◆ **TASK**: Write out again, unchanged, the line that has "Airline-Approved Pet Carrier" and each following line through the end of the entries below; leave pictures out.

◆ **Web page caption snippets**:

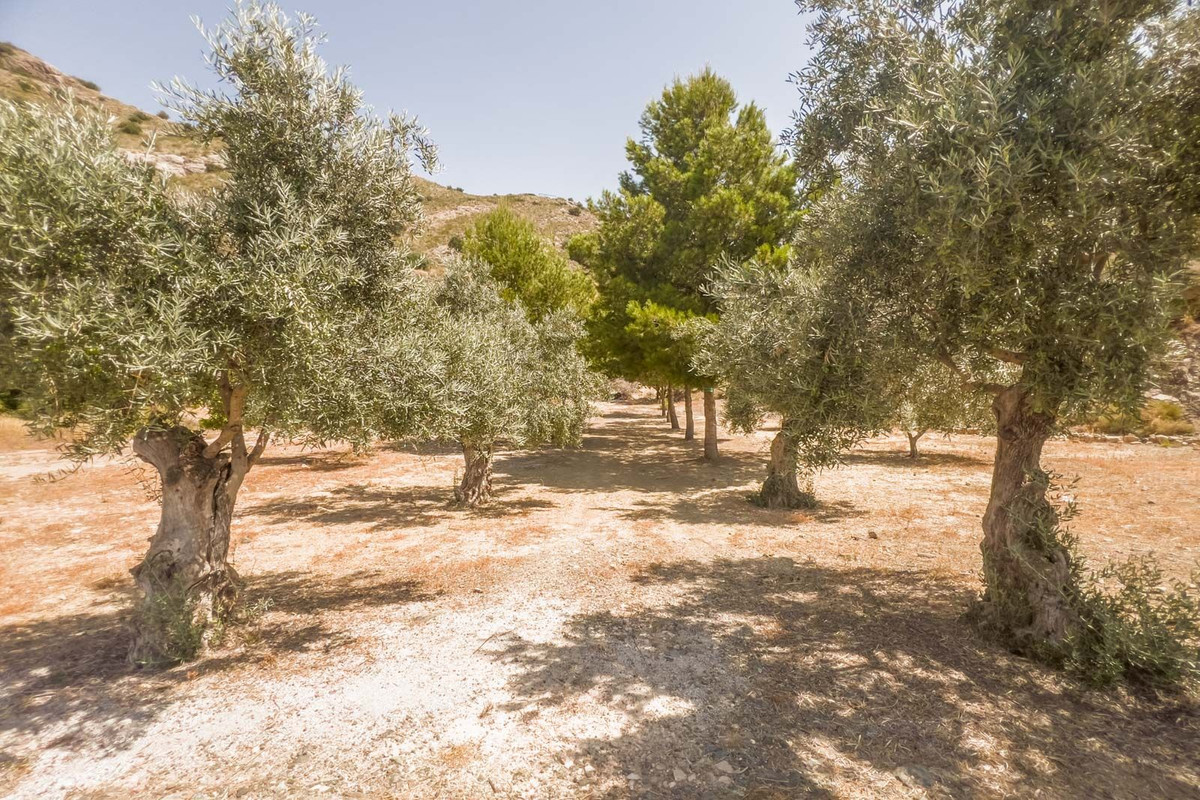 Percelen te koop in Coín | 0 slaapkamers H5108311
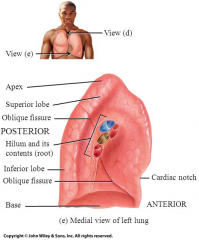 The apex is located at the top of the lung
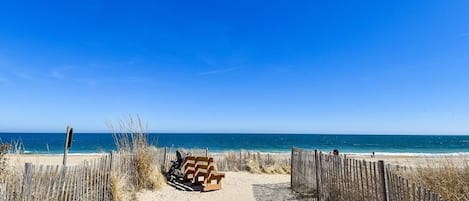 Playa en los alrededores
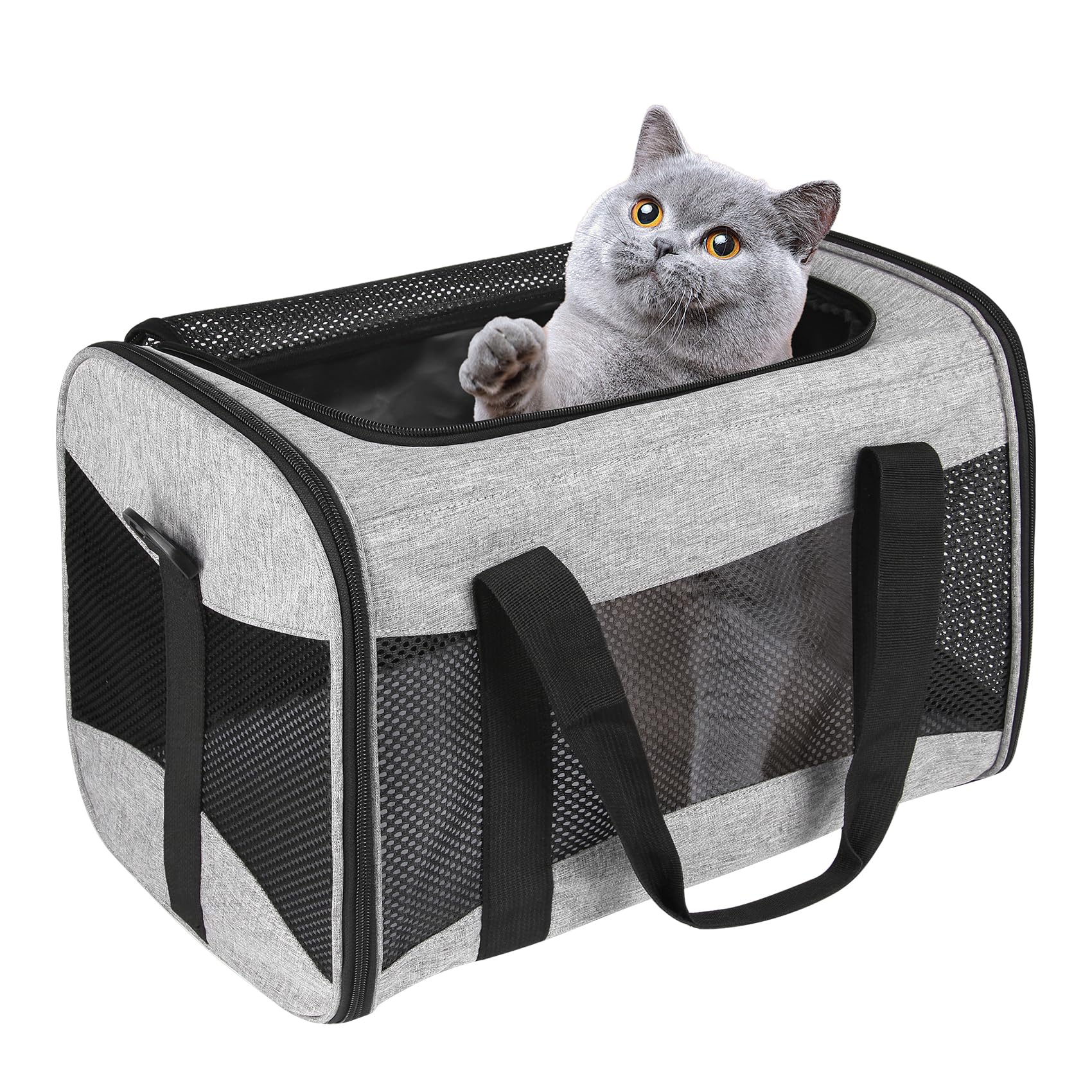Airline-Approved Pet Carrier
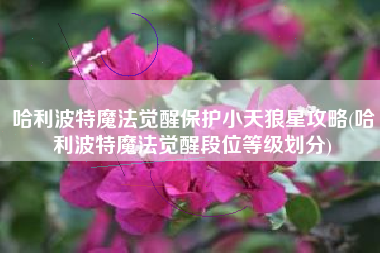 哈利波特魔法觉醒保护小天狼星攻略(哈利波特魔法觉醒段位等级划分)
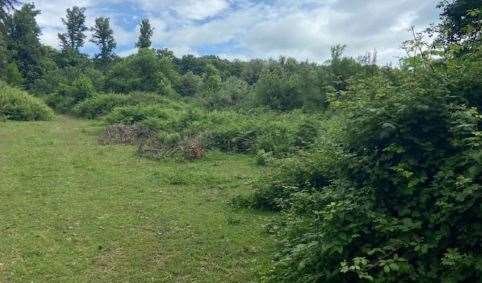 terreno agricolo in vendita a Velletri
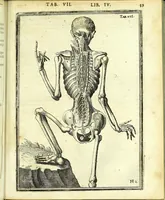 An illustration from De humani corporis fabrica libri decem : (1632)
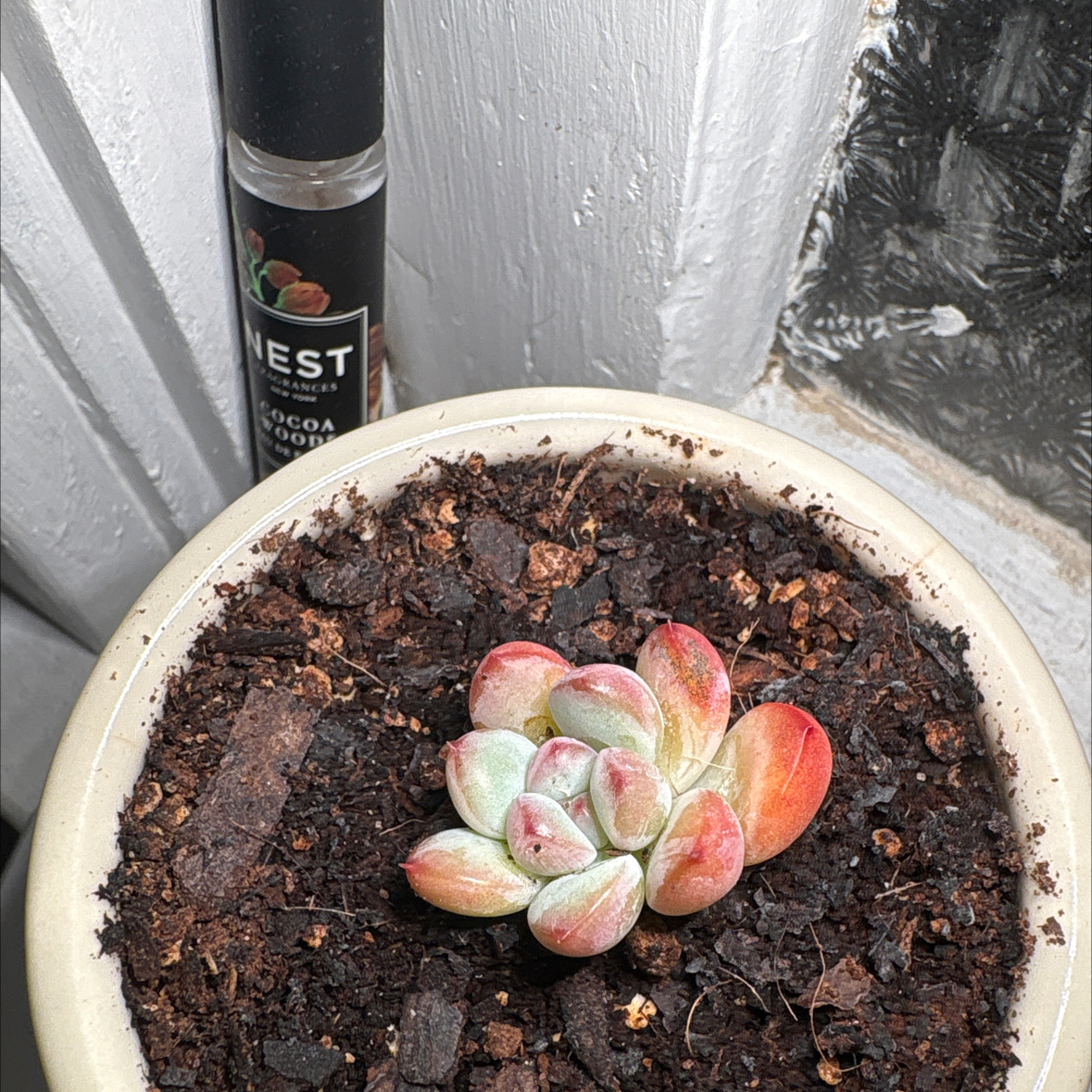 Photo of the plant species Painted Lady by @Whiteasphodel named Echeveria on Greg, the plant care app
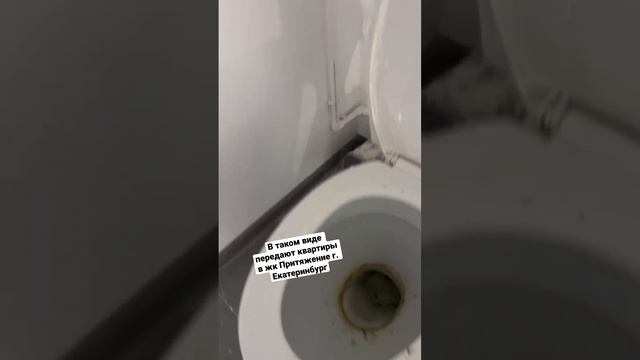 В таком виде передает квартиры застройщик в жк Притяжение #брикприемка #приемкаквартир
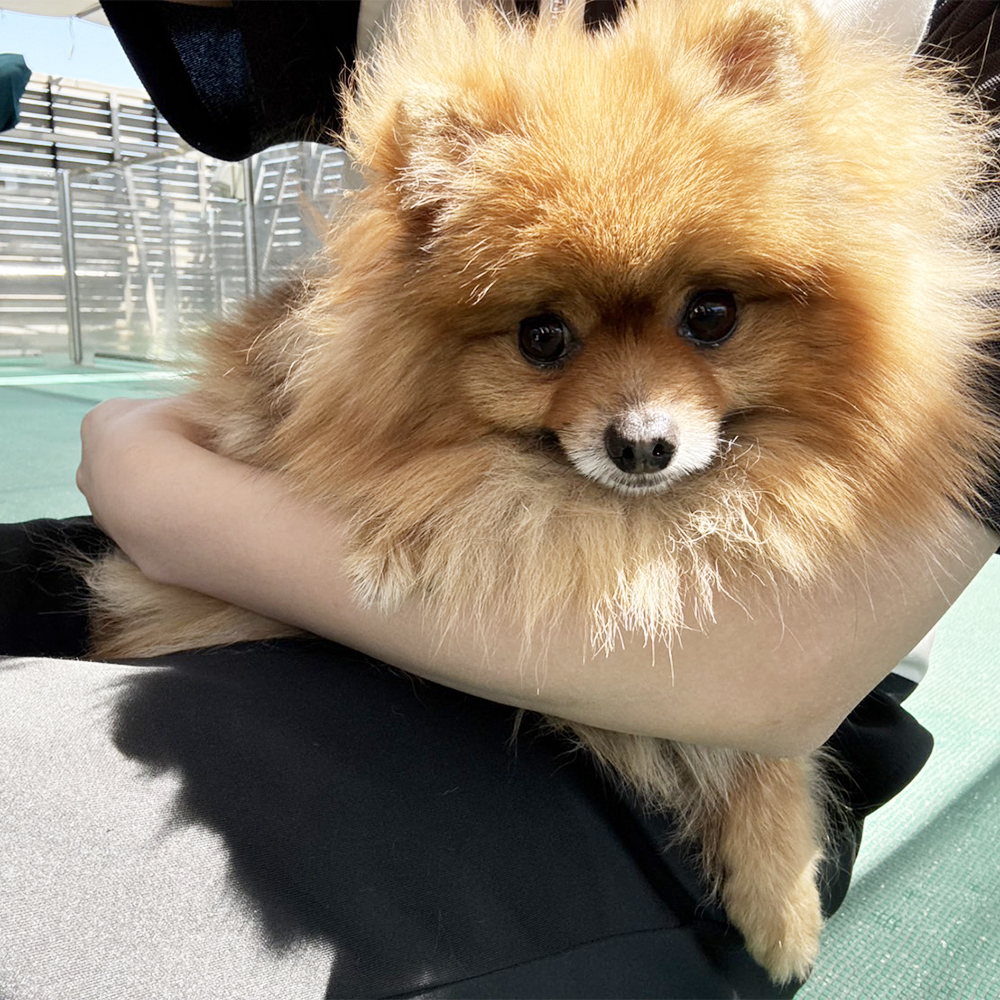 生徒が撮影してくれた写真♪①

◆ **SOLUTION TO THIS TASK**:
Airline-Approved Pet Carrier
 哈利波特魔法觉醒保护小天狼星攻略(哈利波特魔法觉醒段位等级划分)
 terreno agricolo in vendita a Velletri
 An illustration from De humani corporis fabrica libri decem : (1632)
 Photo of the plant species Painted Lady by @Whiteasphodel named Echeveria on Greg, the plant care app
 В таком виде передает квартиры застройщик в жк Притяжение #брикприемка #приемкаквартир
 生徒が撮影してくれた写真♪①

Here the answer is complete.